SPECIAL INTERVIEW 岡田奎樹さん

岡田奎樹さん

KEIJU OKADA

仲間と一緒に打ち込んだ日々が、自分を成長させた

パリ2024オリンピック、8月8日のマルセイユ・マリーナ。セーリング混合470級の最終レースで、日本チームが銀メダルを獲得した。スキッパーとしてヨットの舵を取ったのは、本学スポーツ科学部の卒業生・岡田奎樹選手だ。日本勢がセーリングでメダルを獲得するのは、20年ぶりの快挙となる。

混合470級のメダルレースで艇を操る岡田奎樹選手(手前)と吉岡美帆選手組(共同通信)

「3位で臨んだ最終レース。『ベストを尽くそう』と決め、自分らしく風を捉えられたことが、追い上げにつながりました。ペアとして自分を信じてくれた吉岡美帆選手には、感謝の気持ちでいっぱいです。ただし目標は金メダルだったので、悔しい思いも残りました」

波の形状を見ながら、風向きや風速を予測し、ヨットを進めるセーリングは、極めて繊細な競技だ。5歳の時に地元・九州で競技を始めた岡田選手は、自然の中で洞察力を養っていった。
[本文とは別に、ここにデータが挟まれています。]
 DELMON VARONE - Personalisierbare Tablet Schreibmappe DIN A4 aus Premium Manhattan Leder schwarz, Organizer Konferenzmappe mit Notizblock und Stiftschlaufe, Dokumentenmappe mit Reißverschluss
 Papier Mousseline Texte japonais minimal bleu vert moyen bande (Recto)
「父の影響でセーリングを始め、最初は競技として意識していませんでした。別府湾を流れる風を受けて進み、海上から美しい高崎山を眺めるのが好きで、自然と戯れることを楽しんでいたんです」

小学校3年生で出場した全日本OP級選手権大会では、年上の選手を抑えて優勝。中学・高校でもトップクラスの戦績を残し、徐々に頭角を現していった岡田選手。早稲田大学に入学したのは、ヨット部のOB・原田龍之介選手への敬意があったからだ。
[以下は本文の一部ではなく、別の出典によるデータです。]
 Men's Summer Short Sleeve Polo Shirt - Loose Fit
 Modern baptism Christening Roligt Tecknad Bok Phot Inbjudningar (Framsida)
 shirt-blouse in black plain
「ロンドンオリンピックに出場した原田さんが、卒業後も部を出入りしていると聞き、入部を志しました。集団行動が重視されたヨット部では、コミュニケーションやチームビルディングの面において、成長できたと感じます」

メダル獲得を目指し初めて臨んだ東京2020オリンピックでは、悔しい思いも経験した。7位(男子470級)という結果を、岡田選手は「経験不足」と受け止め、さらなる飛躍につなげていった。
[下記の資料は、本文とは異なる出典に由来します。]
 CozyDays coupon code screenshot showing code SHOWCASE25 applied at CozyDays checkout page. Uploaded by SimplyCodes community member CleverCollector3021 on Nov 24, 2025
「初出場にコロナ禍が重なり、コンディションを調整できなかったのは、経験不足以外の何ものでもありません。以後3年間、船や風の勉強、道具の調整、ペア間の連携強化を重ね、パリでは、開幕の時点でメダル獲得を確信していました」

激闘を終えた岡田選手は現在、所属会社のある東北地方で幼稚園を訪問するなど、地域貢献活動にも携わっている。

「故郷の福岡で子どもたちにセーリングを教える予定もあり、今から楽しみです。セーリングに限らず、屋外で遊ぶことを好きになって、体や感性を育んでほしいですね。自然の恵みや人と関わる素晴らしさは、若い自分を成長させてくれました。早稲田の後輩たちもぜひ、仲間と一緒に全力で何かに打ち込んでほしいです」

混合470級で銀メダルを獲得し笑顔の岡田奎樹選手(左)、吉岡美帆選手組(共同通信)

PROFILE

1995年福岡県生まれ。5歳からセーリング競技を始める。2018年早稲田大学スポーツ科学部卒業。在学中はヨット部に所属。2021年東京2020オリンピックでは外薗潤平選手と組んだ男子470級で7位。2023年世界選手権混合470級優勝、杭州アジア大会混合470級金メダル。2024年パリ2024オリンピックでは吉岡美帆選手とのペアで470級銀メダル獲得。トヨタ自動車東日本株式会社所属。